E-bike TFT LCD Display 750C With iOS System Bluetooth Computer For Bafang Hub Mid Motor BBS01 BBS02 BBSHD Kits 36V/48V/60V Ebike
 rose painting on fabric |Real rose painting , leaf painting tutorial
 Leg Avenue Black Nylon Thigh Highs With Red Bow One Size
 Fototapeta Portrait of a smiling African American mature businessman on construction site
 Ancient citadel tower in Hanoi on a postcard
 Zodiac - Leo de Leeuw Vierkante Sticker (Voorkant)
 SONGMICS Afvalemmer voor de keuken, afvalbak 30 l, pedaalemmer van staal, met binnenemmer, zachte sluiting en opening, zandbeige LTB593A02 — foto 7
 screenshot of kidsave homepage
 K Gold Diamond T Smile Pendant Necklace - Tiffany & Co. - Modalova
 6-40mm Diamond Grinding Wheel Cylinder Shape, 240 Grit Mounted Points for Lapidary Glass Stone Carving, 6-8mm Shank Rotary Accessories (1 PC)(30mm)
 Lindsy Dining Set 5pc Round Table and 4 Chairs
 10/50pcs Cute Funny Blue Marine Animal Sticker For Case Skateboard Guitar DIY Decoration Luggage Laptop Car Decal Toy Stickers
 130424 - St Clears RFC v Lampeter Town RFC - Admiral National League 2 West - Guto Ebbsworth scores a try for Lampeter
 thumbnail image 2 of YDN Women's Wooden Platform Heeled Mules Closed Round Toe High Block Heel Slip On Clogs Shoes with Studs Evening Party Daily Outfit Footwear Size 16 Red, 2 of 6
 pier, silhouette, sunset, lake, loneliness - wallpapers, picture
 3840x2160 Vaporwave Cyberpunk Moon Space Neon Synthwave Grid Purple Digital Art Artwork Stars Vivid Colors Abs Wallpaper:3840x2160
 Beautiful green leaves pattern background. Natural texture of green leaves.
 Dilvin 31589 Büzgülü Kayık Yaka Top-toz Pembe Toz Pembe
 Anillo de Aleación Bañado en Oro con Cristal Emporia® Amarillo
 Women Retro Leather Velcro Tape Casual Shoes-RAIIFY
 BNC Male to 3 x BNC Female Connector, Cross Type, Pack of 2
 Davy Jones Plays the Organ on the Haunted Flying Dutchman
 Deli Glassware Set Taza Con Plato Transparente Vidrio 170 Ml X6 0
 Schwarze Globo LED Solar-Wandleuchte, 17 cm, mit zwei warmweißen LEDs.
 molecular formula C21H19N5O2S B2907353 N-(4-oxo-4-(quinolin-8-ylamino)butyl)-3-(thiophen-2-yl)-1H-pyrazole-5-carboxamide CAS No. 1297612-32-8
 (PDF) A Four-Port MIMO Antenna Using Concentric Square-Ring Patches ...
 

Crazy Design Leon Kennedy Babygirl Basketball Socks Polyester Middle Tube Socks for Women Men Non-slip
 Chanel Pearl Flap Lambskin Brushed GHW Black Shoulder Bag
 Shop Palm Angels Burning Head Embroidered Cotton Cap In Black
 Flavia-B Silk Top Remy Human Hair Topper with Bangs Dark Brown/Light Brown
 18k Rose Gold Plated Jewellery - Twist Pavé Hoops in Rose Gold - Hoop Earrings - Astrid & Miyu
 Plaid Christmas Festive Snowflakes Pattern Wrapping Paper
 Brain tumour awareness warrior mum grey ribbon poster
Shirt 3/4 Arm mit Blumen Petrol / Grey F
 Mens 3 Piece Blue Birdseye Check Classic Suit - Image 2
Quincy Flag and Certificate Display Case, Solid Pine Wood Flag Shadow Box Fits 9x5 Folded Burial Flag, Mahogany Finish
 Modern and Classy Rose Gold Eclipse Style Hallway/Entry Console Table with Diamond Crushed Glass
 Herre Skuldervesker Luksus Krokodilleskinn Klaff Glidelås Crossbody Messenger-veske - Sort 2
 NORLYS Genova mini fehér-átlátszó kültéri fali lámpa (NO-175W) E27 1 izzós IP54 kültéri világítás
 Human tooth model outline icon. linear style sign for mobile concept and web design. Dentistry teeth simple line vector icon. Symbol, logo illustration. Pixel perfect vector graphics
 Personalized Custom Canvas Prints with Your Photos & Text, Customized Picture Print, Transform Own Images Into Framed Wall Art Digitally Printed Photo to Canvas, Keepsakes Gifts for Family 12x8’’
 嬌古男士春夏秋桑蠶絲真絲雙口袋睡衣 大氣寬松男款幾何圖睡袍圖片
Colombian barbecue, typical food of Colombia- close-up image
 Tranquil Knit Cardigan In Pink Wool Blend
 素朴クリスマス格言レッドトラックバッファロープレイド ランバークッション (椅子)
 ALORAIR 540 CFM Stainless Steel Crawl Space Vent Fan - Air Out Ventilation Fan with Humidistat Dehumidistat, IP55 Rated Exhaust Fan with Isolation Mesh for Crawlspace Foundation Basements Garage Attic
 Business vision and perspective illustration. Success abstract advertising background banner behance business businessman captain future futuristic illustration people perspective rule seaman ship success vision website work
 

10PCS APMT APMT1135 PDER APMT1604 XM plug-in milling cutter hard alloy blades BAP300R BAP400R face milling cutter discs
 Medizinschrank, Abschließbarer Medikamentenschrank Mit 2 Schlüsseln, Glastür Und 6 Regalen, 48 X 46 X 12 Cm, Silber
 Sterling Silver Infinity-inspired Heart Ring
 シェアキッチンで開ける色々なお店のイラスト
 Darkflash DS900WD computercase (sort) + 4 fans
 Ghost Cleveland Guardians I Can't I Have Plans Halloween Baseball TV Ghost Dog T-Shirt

^^^^^^^^^^^^^^^^

Show every line of the listing containing the string "Shoes" by copying it.

 thumbnail image 2 of YDN Women's Wooden Platform Heeled Mules Closed Round Toe High Block Heel Slip On Clogs Shoes with Studs Evening Party Daily Outfit Footwear Size 16 Red, 2 of 6
 Women Retro Leather Velcro Tape Casual Shoes-RAIIFY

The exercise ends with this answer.